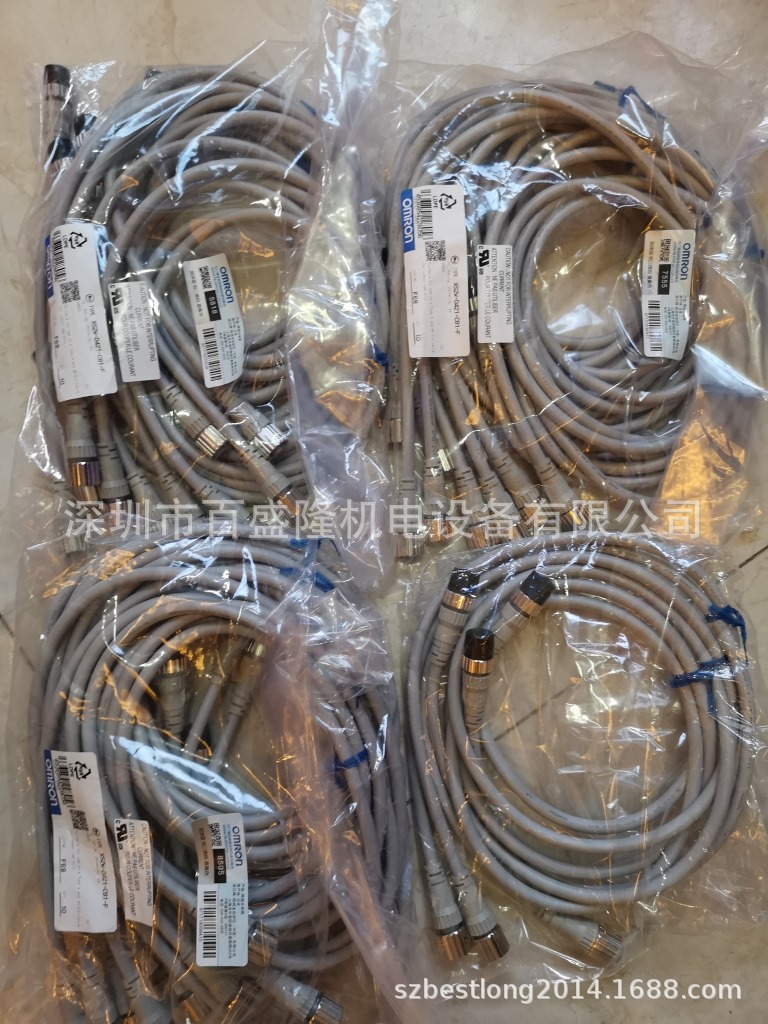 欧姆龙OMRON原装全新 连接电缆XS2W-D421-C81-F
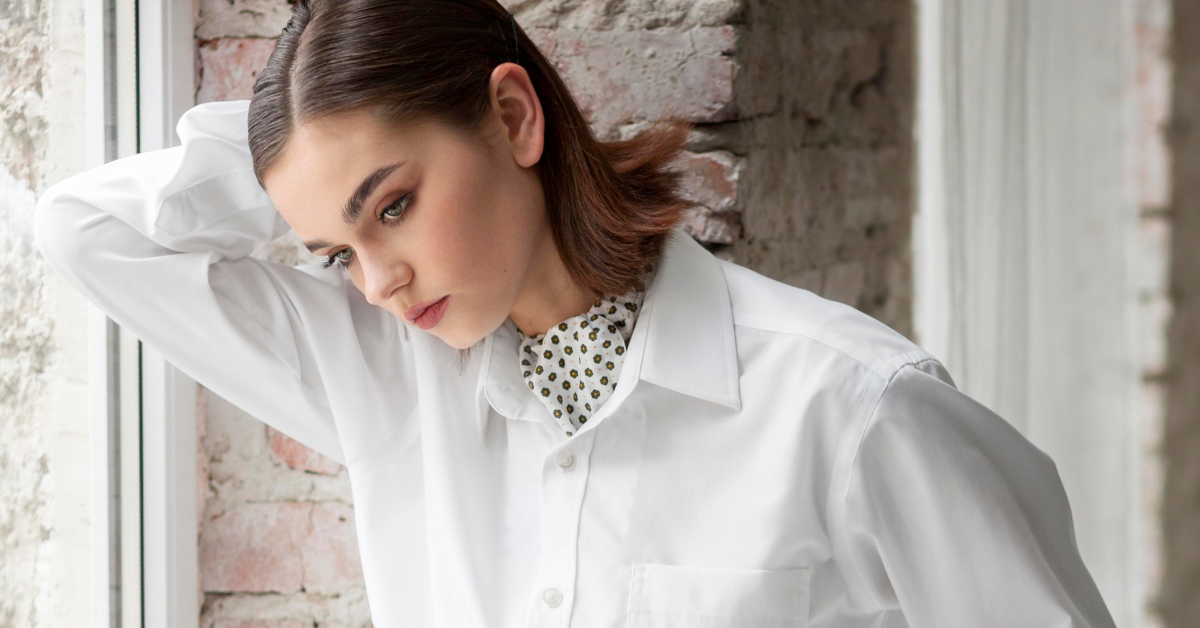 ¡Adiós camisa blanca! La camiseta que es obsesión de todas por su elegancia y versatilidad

####

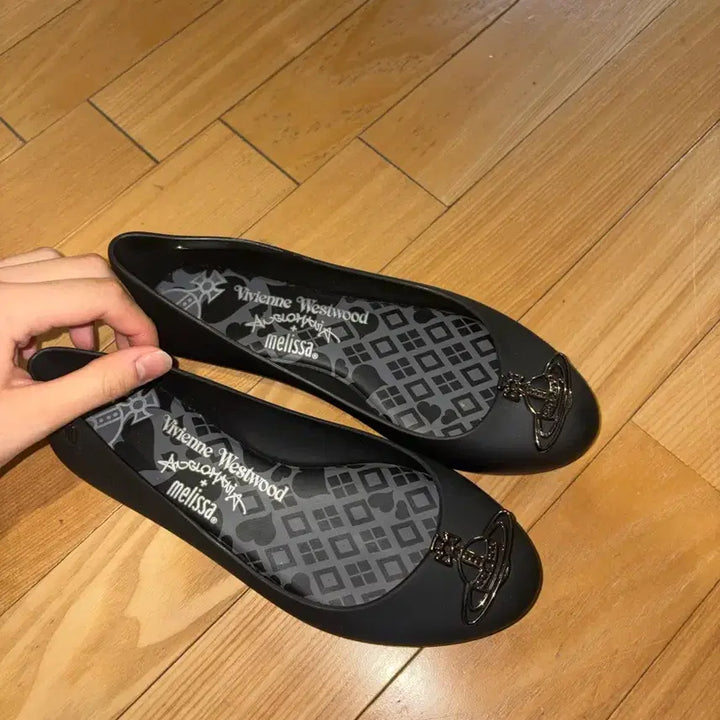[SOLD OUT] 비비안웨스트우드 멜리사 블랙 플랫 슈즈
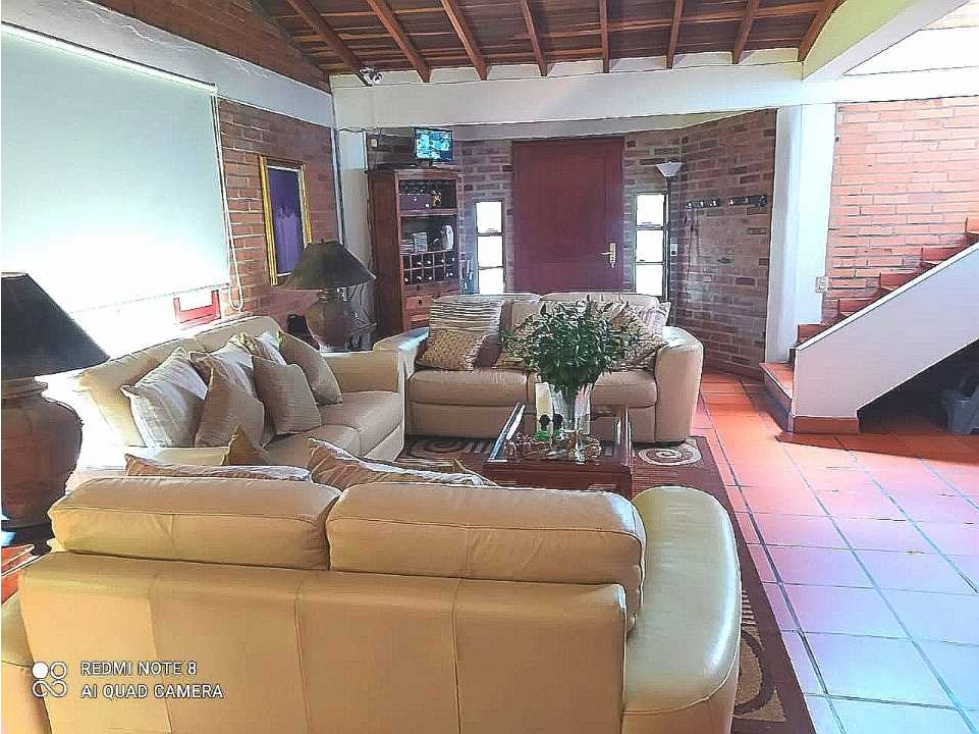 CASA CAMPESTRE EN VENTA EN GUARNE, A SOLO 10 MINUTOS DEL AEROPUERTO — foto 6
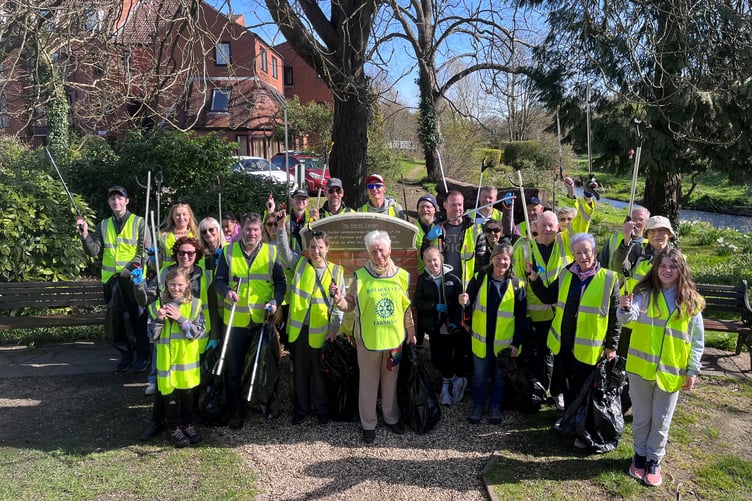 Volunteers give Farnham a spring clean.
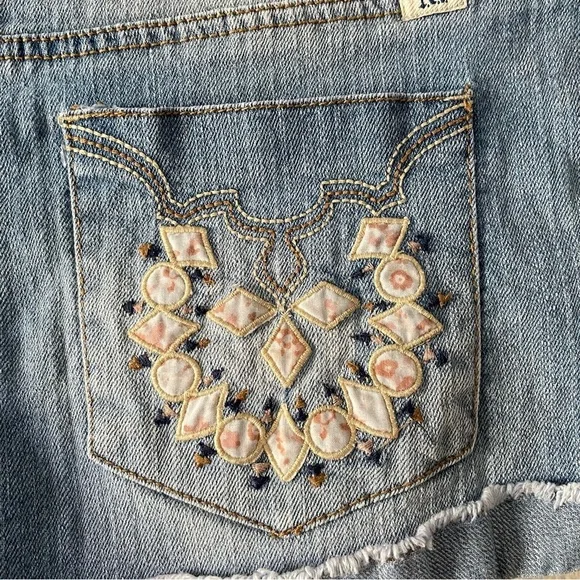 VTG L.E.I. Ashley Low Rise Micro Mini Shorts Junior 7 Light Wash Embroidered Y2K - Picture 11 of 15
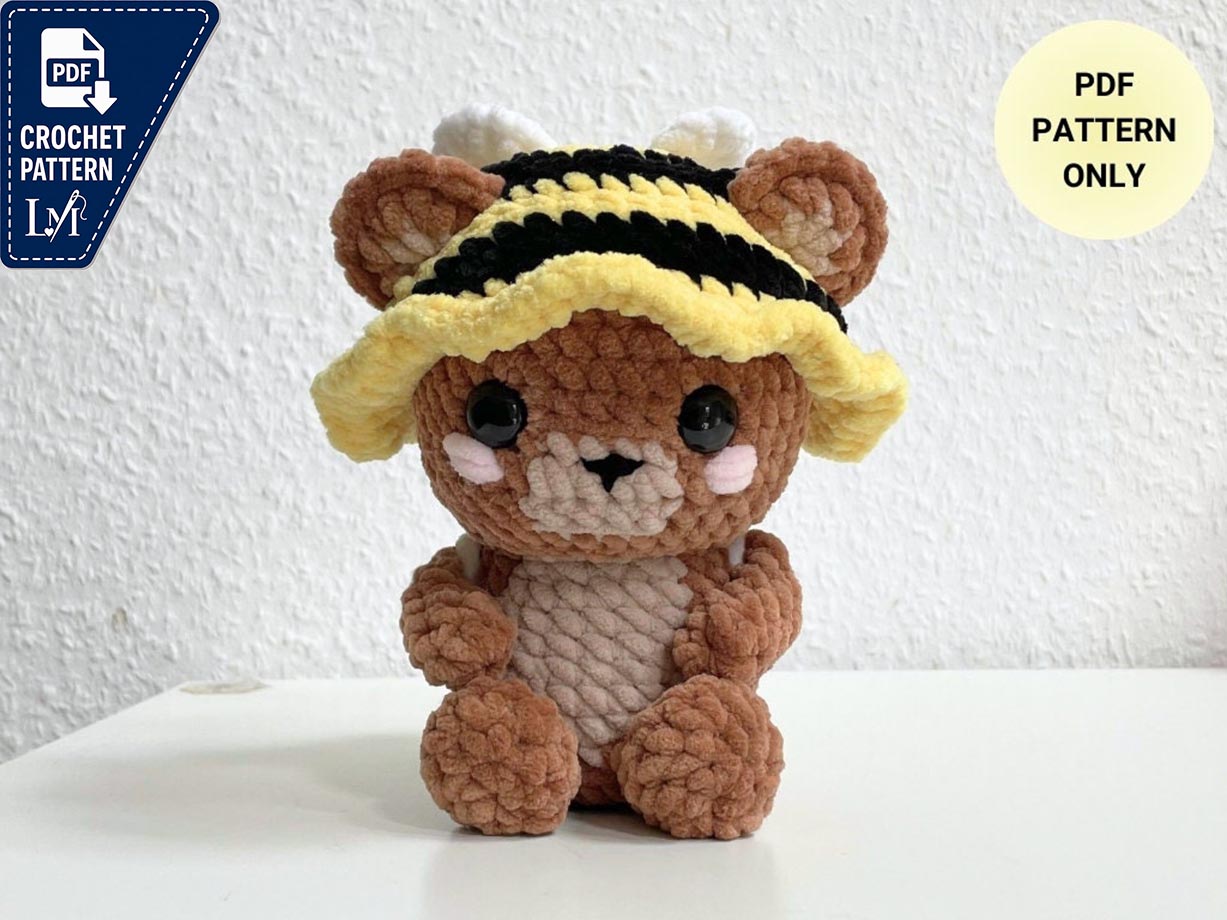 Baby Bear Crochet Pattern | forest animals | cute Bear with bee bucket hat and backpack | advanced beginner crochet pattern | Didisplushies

####

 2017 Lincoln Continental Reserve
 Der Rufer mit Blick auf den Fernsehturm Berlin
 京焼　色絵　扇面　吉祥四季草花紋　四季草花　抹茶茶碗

####

• WHAT THE TASK REQUIRES
Copy exactly the lines of the listing above between the one holding "CASA CAMPESTRE EN" and the one holding "Baby Bear Crochet", inclusive; omit all pictures.

• TASK RESULT
 CASA CAMPESTRE EN VENTA EN GUARNE, A SOLO 10 MINUTOS DEL AEROPUERTO — foto 6
 Volunteers give Farnham a spring clean.
 VTG L.E.I. Ashley Low Rise Micro Mini Shorts Junior 7 Light Wash Embroidered Y2K - Picture 11 of 15
 Baby Bear Crochet Pattern | forest animals | cute Bear with bee bucket hat and backpack | advanced beginner crochet pattern | Didisplushies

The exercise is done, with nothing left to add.